Exploring People’s Different Behaviours With a Collaborative Robot (2015)
Modern industrial robots are increasingly moving toward collaborating with people on complex tasks as team members, and away from working in isolated cages that are separated from people. Collaborative robots are programmed to use social communication techniques with people, enabling human team members to use their existing inter-personal skills to work with robots, such as speech, gestures, or gaze. One particularly important aspect of human–human teamwork is rapport building: these are everyday social interactions between people that help to develop professional relationships by establishing trust, confidence, and collegiality, but which are formally peripheral to a task at hand.
In this project, we developed an origianl scenario design specifically created for exploring gender-related issues surrounding collaborative human-robot teams on assembly lines. Our methodology is grounded squarely in the need for increased gender work in human-robot interaction. As with most research in social human-robot interaction, investigating and exploring gender issues relies heavily on an evaluation methodology and scenario that aims to maximize ecological validity, so that the lab results can generalize to a real-world social scenario.
Furthermore, we investigated how and if people apply similar rapport-building behaviors to robot collaborators.
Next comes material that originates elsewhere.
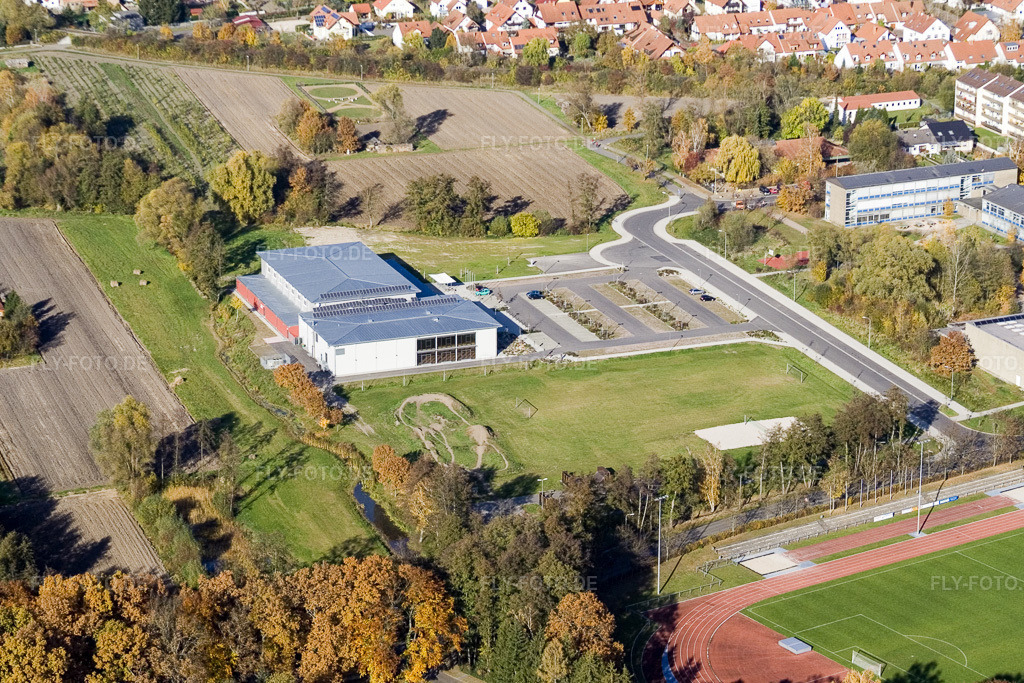 Luftbild: Bienwaldhalle in Kandel im Bundesland Rheinland-Pfalz in Deutschland. Foto: IMG_8773.jpg vom 05.11.2007 durch Werner Riehm/FLY-FOTO.de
We synthesized existing human–human rapport knowledge into an initial human–robot interaction framework; this framework includes verbal and non-verbal behaviors, both for rapport building and rapport hindering, that people can be expected to exhibit. We reported on a qualitative study that investigates how people use rapport hindering or building behaviors in our industrial scenario, which reflects how people may interact with robots in industrial settings.
Stela H. Seo, Keelin Griffin, James E. Young, Andrea Bunt, Susan Prentice, Veronica Loureiro-Rodríguez. "Investigating people’s rapport building and hindering behaviors when working with a collaborative robot," International Journal of Social Robotics, 2017. Springer.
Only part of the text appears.